* Problem to solve: Each entry must be given again exactly as it appears, with images excluded.

Provided data section start

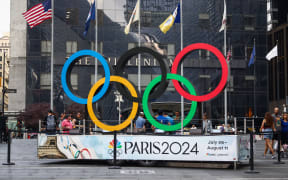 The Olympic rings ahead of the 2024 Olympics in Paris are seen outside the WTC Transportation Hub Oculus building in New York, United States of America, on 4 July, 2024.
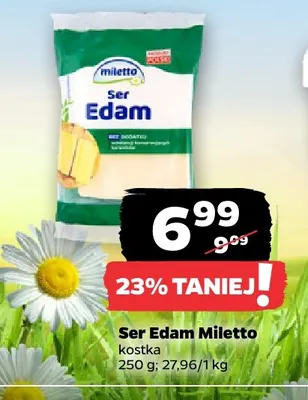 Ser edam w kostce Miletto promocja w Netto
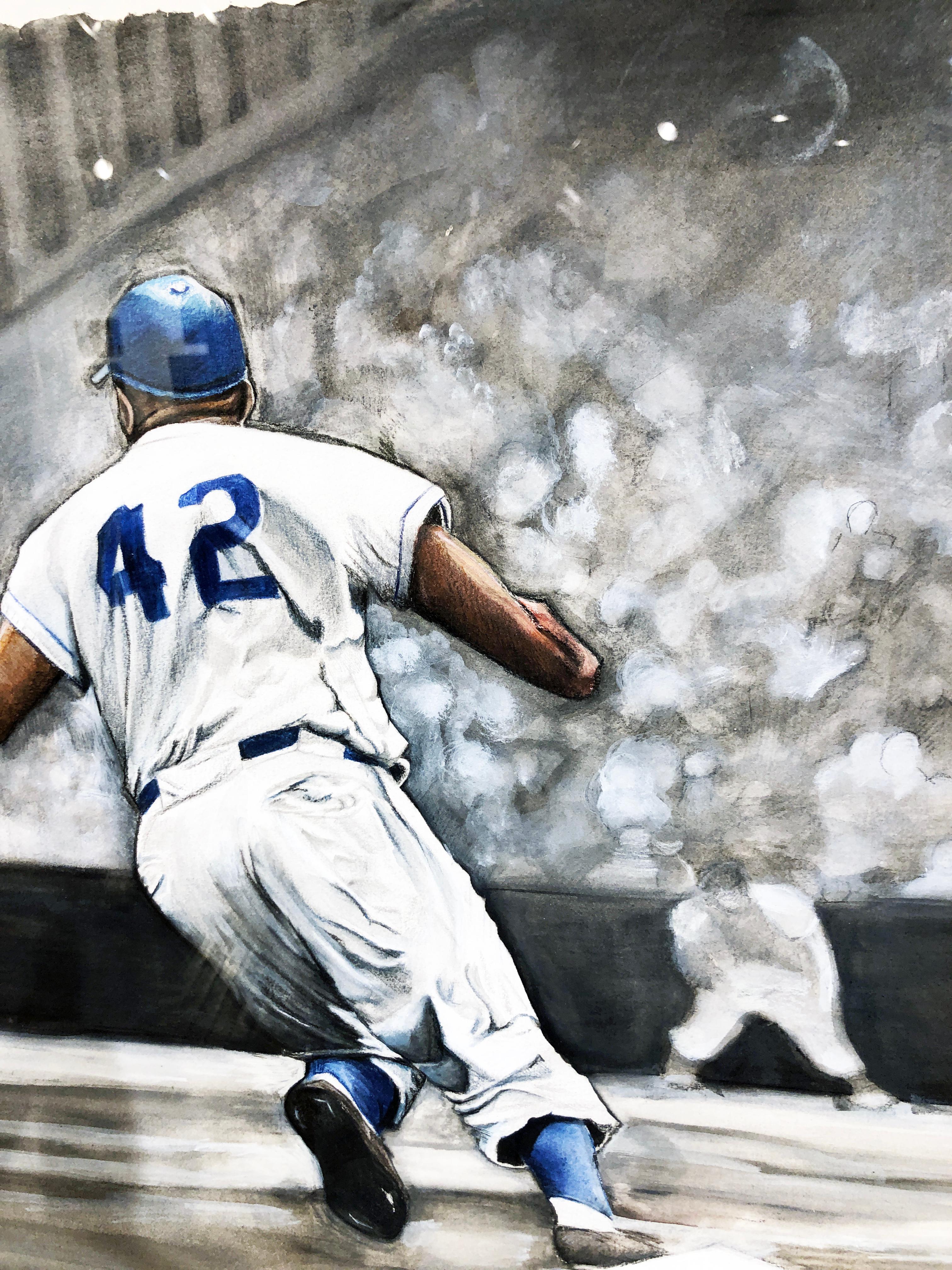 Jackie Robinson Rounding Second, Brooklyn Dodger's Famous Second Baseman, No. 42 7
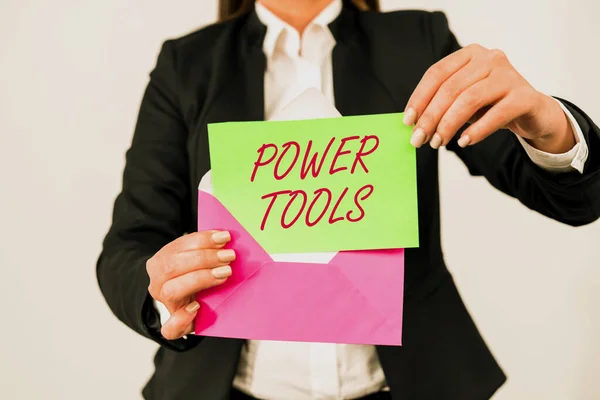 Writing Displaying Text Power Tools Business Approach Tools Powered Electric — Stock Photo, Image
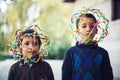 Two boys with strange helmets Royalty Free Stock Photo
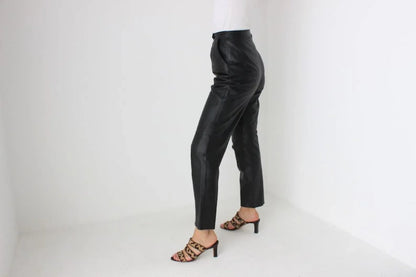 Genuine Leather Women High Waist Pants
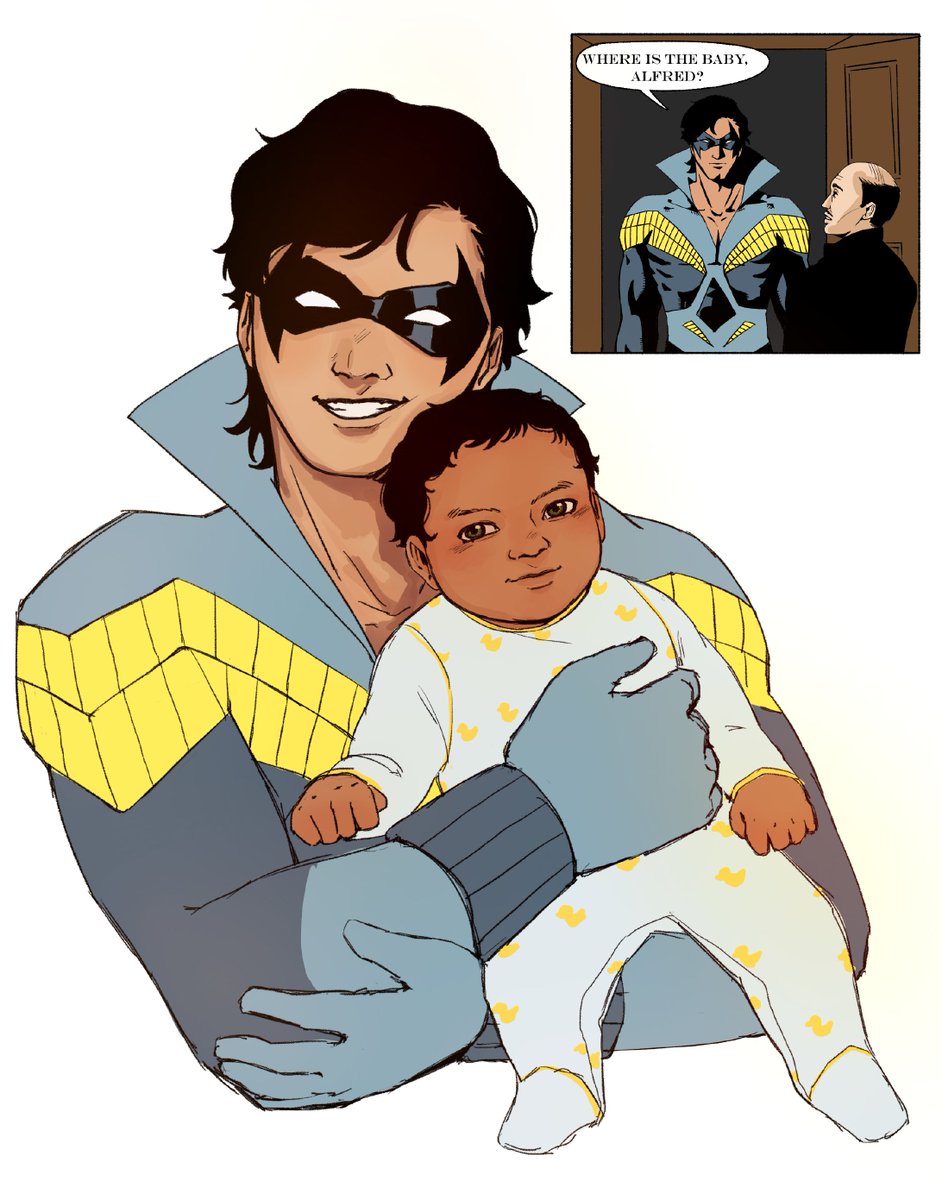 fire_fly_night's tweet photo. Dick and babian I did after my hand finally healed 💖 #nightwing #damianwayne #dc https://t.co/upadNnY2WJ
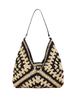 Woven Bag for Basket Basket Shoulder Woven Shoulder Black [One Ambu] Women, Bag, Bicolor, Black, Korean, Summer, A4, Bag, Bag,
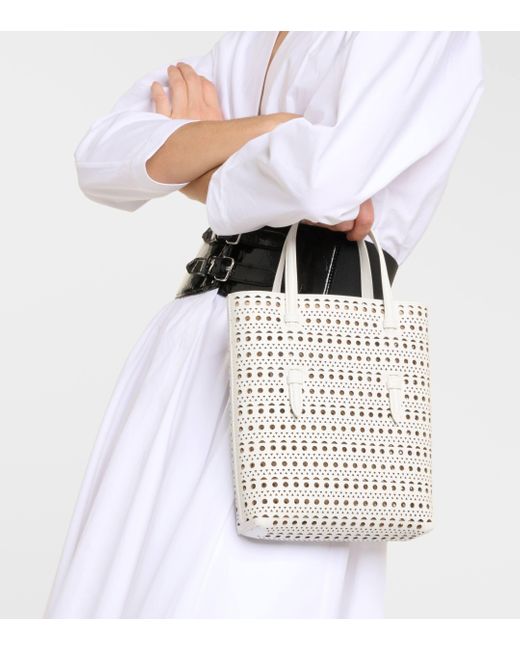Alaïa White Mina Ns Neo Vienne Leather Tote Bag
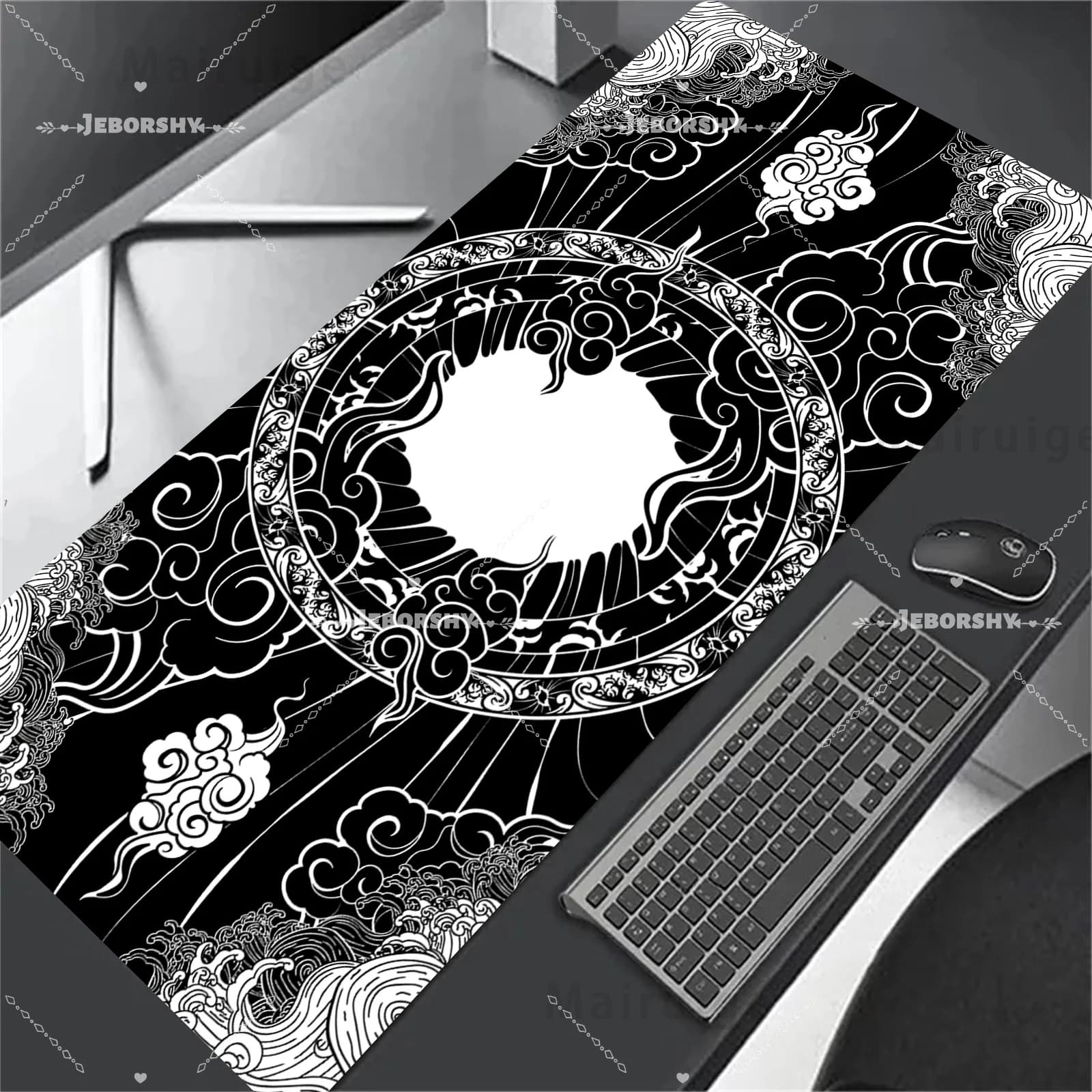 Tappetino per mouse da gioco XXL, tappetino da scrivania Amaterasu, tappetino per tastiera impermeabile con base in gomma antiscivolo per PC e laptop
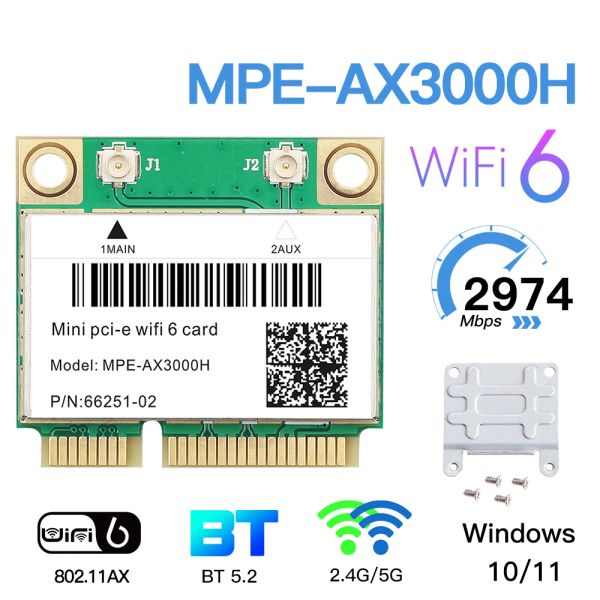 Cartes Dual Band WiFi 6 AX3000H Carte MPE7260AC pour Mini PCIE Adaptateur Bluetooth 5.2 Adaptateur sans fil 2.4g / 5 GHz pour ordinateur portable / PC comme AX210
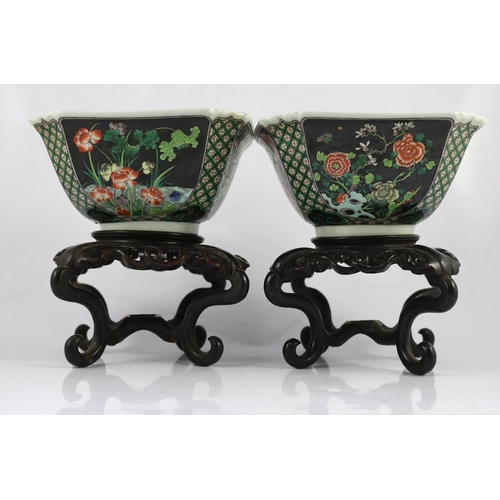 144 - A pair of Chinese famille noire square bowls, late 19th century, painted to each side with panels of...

Provided data section end

* Reply to the task:
 The Olympic rings ahead of the 2024 Olympics in Paris are seen outside the WTC Transportation Hub Oculus building in New York, United States of America, on 4 July, 2024.
 Ser edam w kostce Miletto promocja w Netto
 Jackie Robinson Rounding Second, Brooklyn Dodger's Famous Second Baseman, No. 42 7
 Writing Displaying Text Power Tools Business Approach Tools Powered Electric — Stock Photo, Image
 Two boys with strange helmets Royalty Free Stock Photo
 Genuine Leather Women High Waist Pants
 fire_fly_night's tweet photo. Dick and babian I did after my hand finally healed 💖 #nightwing #damianwayne #dc https://t.co/upadNnY2WJ
 Woven Bag for Basket Basket Shoulder Woven Shoulder Black [One Ambu] Women, Bag, Bicolor, Black, Korean, Summer, A4, Bag, Bag,
Alaïa White Mina Ns Neo Vienne Leather Tote Bag
 Tappetino per mouse da gioco XXL, tappetino da scrivania Amaterasu, tappetino per tastiera impermeabile con base in gomma antiscivolo per PC e laptop
 Cartes Dual Band WiFi 6 AX3000H Carte MPE7260AC pour Mini PCIE Adaptateur Bluetooth 5.2 Adaptateur sans fil 2.4g / 5 GHz pour ordinateur portable / PC comme AX210
 144 - A pair of Chinese famille noire square bowls, late 19th century, painted to each side with panels of...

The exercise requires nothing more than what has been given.